Bereit für den Cobot


Simon Treis
Director, Advisory

Die Robotisierung eröffnet der verarbeitenden Industrie eine Fülle völlig neuer Optionen und ebnet den Weg für Schweizer Unternehmen zu einer höheren Wettbewerbsfähigkeit in der heutigen globalisierten Wirtschaft. Bei dieser Entwicklung spielen sogenannte kollaborative Roboter (Cobots) eine zentrale Rolle. Cobots interagieren mit dem Menschen, lernen, eliminieren Fehler und verschaffen sowohl den Arbeitskräften als auch den Unternehmen mehr Flexibilität und einen neuartigen Spielraum. Cobots sind die Vertreter einer neuen Generation von Industrierobotern. Und sie fordern den produzierenden Sektor zum Umdenken auf.

lle sprechen von Industrie 4.0. Doch wer weiss, was sie bedeutet? Und wer hat sie umgesetzt? Der Digitalisierungsgrad in der Fertigung variiert, und die Hersteller sind unterschiedlich weit fortgeschritten (Abbildung 1). Das Gesamtpotenzial der Digitalisierung im Industriebereich wird noch lange nicht ausgeschöpft.

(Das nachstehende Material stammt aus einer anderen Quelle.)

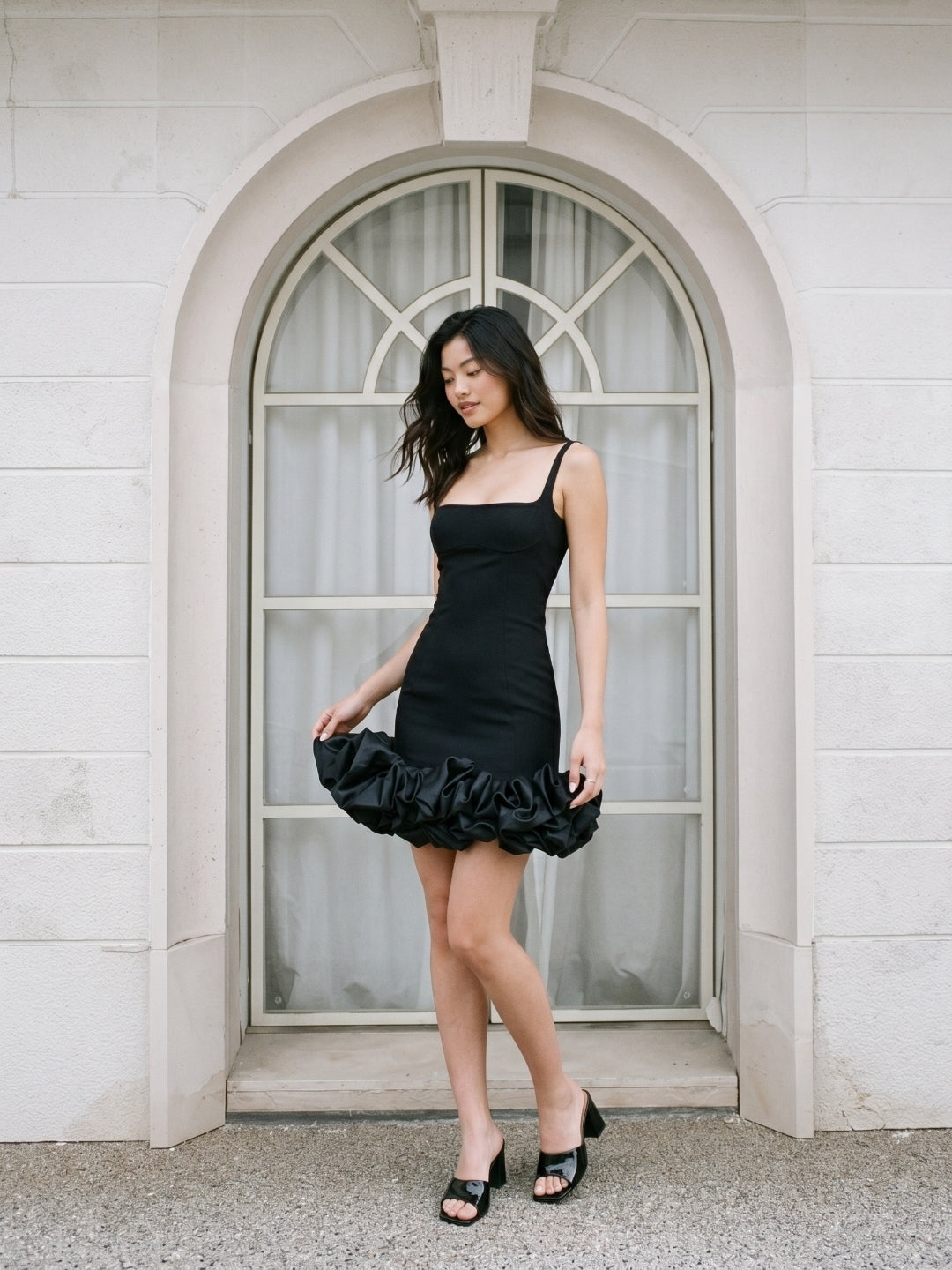 Black Matte Satin Sheath Square Neck Backless Short Homecoming Dress - Curvevia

«Industry 4.0 study 2017: Digital Factories 2020, Shaping the future of manufacturing», globale PwC Studie 2017

Die meisten digitalen Technologien, die heute in den Fabriken implementiert werden – und höchstwahrscheinlich auch diejenigen, die für eine Implementierung in den nächsten fünf Jahren vorgesehen sind –, steigern zwar die Effizienz. Trotzdem sind sie noch immer auf die traditionellen Modelle der Montagelinien angewiesen, wie sie Henry Ford im Jahr 1913 entwickelte. Das wahre Potenzial dieser Technologien zeigt sich erst, wenn die Unternehmen dieses Wertschöpfungsmodell komplett überdenken.

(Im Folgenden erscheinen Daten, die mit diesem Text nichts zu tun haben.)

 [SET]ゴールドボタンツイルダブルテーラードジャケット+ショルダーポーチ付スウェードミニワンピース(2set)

Investitionen in Robotics je Industrie

Industrielle Robotisierung mit Cobots

Die Zeit, in der Industrieroboter als fix installierte Automaten gesehen werden, die unermüdlich repetitive Vorgänge ausführen, ist passé. Cobots (vgl. Infobox «Vom Roboter zum Cobot») erledigen Arbeiten, die für Industriearbeiter ohne Sicherheitsrisiko schlicht nicht möglich wären, und führen Aufgaben mit grosser Geschicklichkeit aus, zum Beispiel das Löten von Mikrochips.

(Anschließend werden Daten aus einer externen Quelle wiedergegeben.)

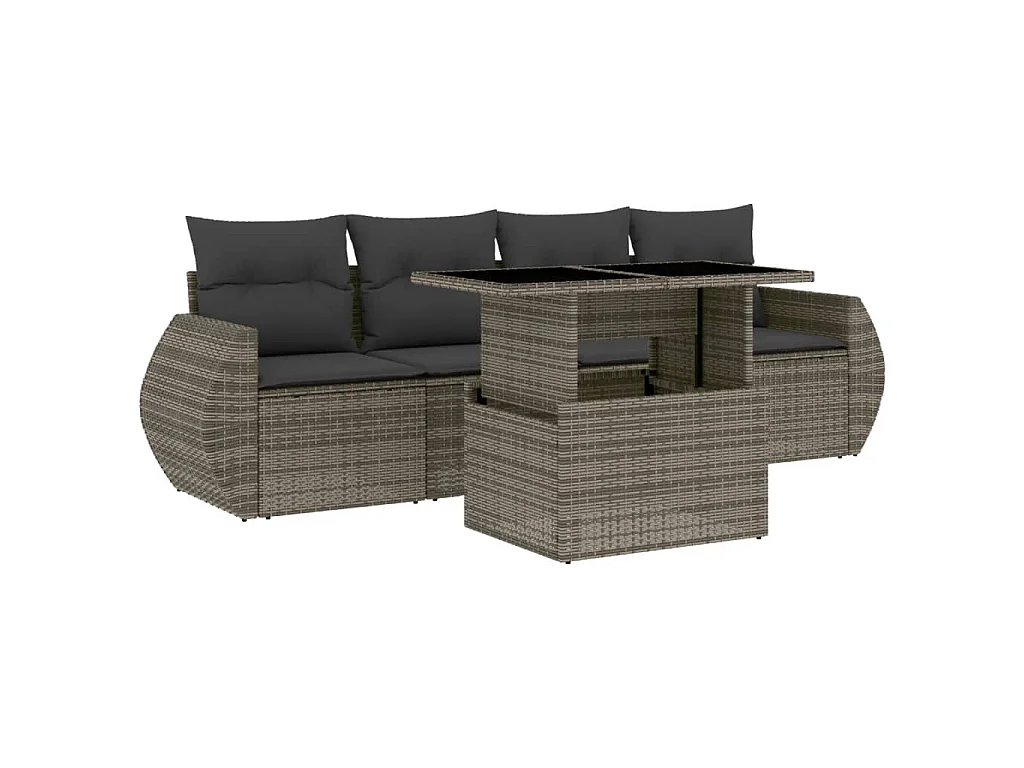 5-delige Loungeset met kussens poly rattan grijs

Orwellsche Orakel von menschenleeren Fabriken ohne Licht («Lights-out»-Betriebe), wo sich Roboter 24 Stunden am Tag und sieben Tage in der Woche abrackern, haben sich bisher nicht durchgesetzt. Denn Automatisierungstechnologien vollständig in Produktionsprozesse zu integrieren und gleichzeitig den Bedürfnissen der Belegschaft gerecht zu werden, ist leichter gesagt als getan. Trotzdem schreitet die Automatisierung voran. Bereits heute arbeiten menschliche Arbeitskräfte in einigen Gebieten mit Cobots Hand in Hand. In naher Zukunft wird das die Norm sein.

Vom Roboter zum Cobot

Vor ein paar Jahren lag der Schwerpunkt der Automatisierung mit Robotern auf «Lights-out»-Fabriken mit enormen Volumen und einer hohen Durchsatzleistung, die ausschliesslich von Robotern übernommen wird. Heute zeigt sich in der technischen Produktion ein Paradigmenwechsel – und die Cobots kommen ins Spiel. Diese berücksichtigen die Kernbereiche der industriellen Wertschöpfung, also den Wert und die Sicherheit der Menschen, die handwerklichen Fähigkeiten und das Verständnis der Kunden, die Materialien und die Prozesse.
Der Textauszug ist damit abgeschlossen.